→ Your task
Two lines in the listing below mark the span: one contains "House in Minneola, Florida" and one contains "2/67 Banksia Street, Andergrove QLD 4740". Reproduce both of them and everything between, exactly.

→ Material for this exercise
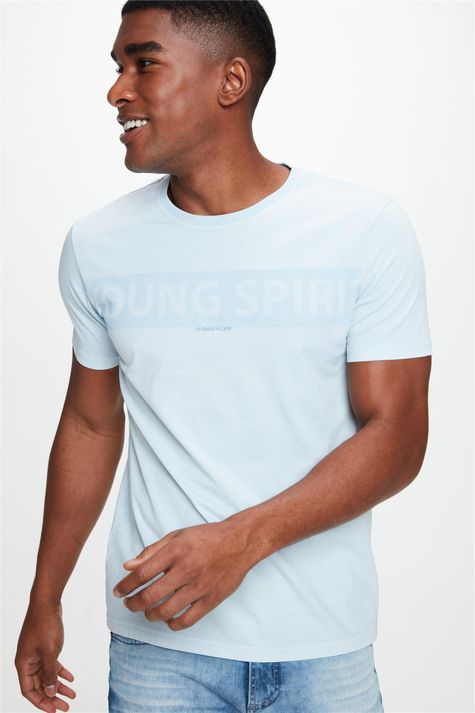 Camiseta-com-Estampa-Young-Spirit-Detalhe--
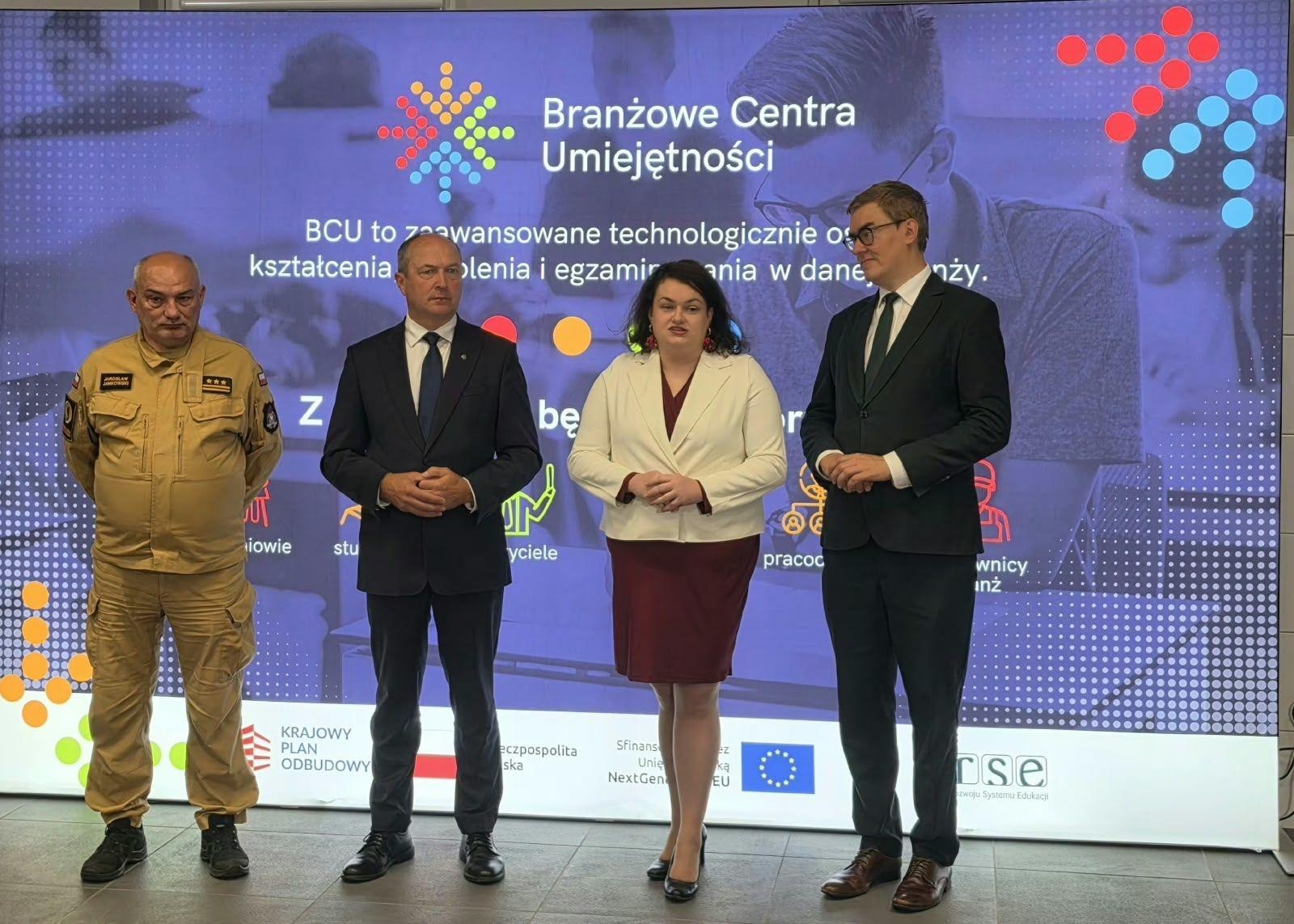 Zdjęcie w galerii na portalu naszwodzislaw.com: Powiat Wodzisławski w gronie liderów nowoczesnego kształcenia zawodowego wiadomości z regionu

==

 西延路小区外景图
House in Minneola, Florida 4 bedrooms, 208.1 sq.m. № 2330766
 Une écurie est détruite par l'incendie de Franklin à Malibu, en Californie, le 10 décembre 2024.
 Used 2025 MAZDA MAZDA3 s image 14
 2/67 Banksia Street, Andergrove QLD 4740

→ Expected answer
House in Minneola, Florida 4 bedrooms, 208.1 sq.m. № 2330766
 Une écurie est détruite par l'incendie de Franklin à Malibu, en Californie, le 10 décembre 2024.
 Used 2025 MAZDA MAZDA3 s image 14
 2/67 Banksia Street, Andergrove QLD 4740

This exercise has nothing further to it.